▶ Supplied data
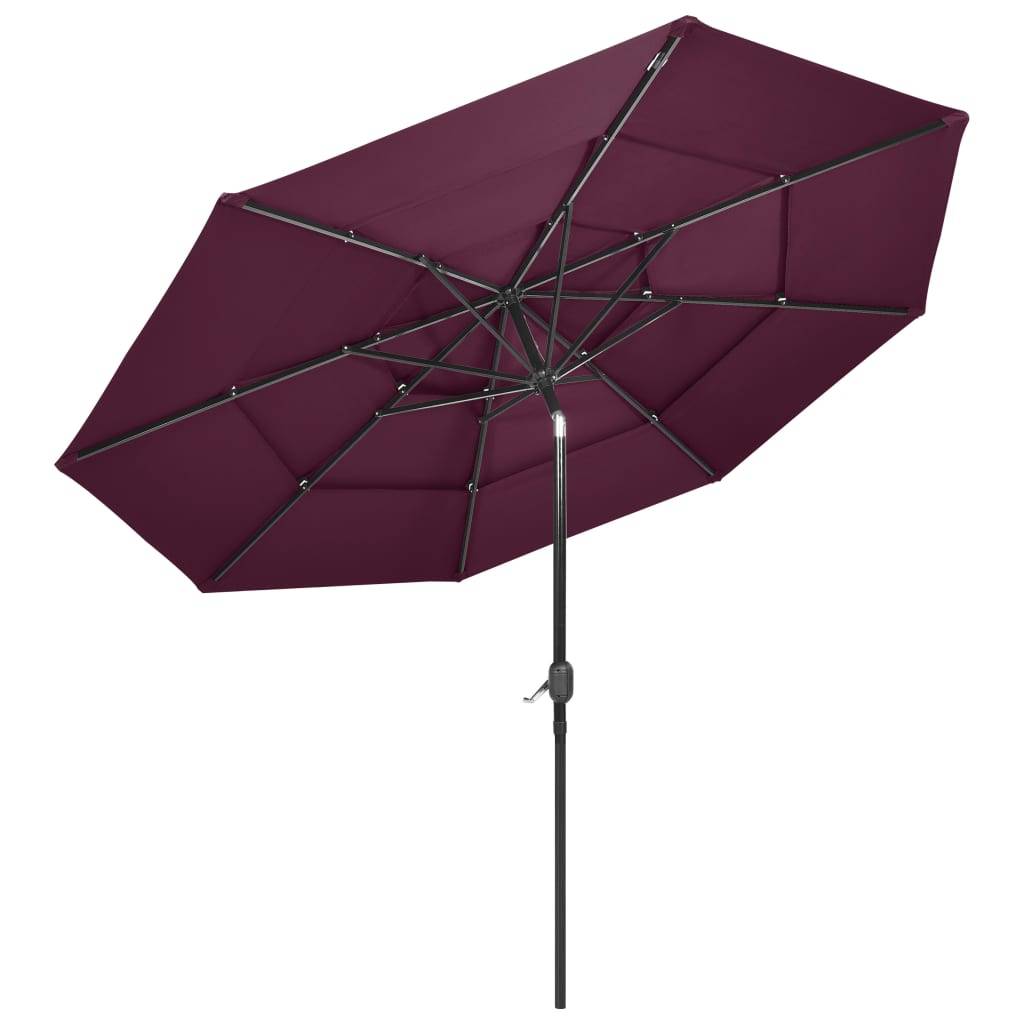 Vidaxl - Parasol de jardin à 3 niveaux mât en aluminium rouge bordeaux vidaXL 313872 - Image 7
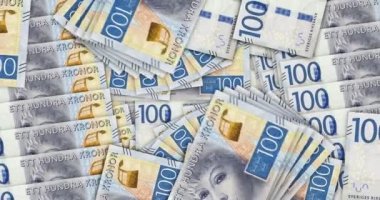 İsveç Krona banknotları nakit fan mozaik model döngüsü içinde. İsveç 100 Kron. Soyut banka, finans, ekonomi kusursuz ve döngülü dekoratif tasarım arka planı kavramı.
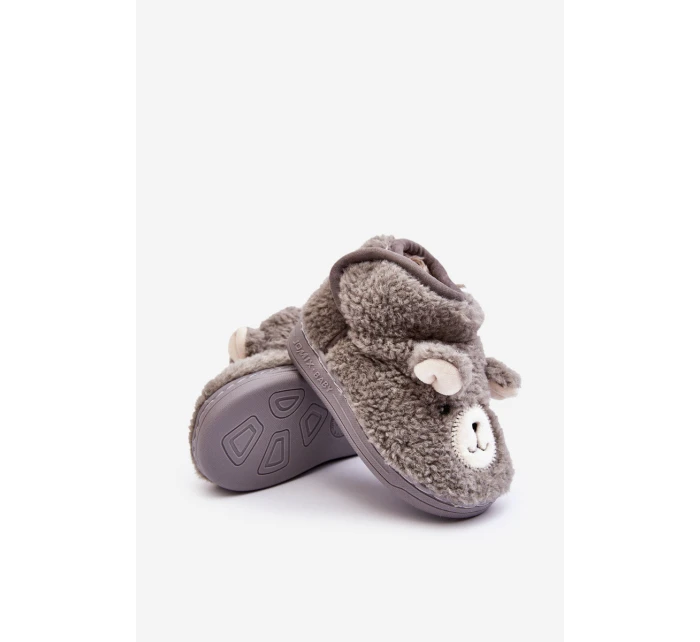 Kapcie Dziecięce Ocieplane Z Misiem Szare Eberra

▶ Work order
Lines before the one containing "İsveç Krona banknotları" are not wanted; repeat that line and the rest of the listing exactly, leaving out pictures.

▶ Written solution
 İsveç Krona banknotları nakit fan mozaik model döngüsü içinde. İsveç 100 Kron. Soyut banka, finans, ekonomi kusursuz ve döngülü dekoratif tasarım arka planı kavramı.
 Kapcie Dziecięce Ocieplane Z Misiem Szare Eberra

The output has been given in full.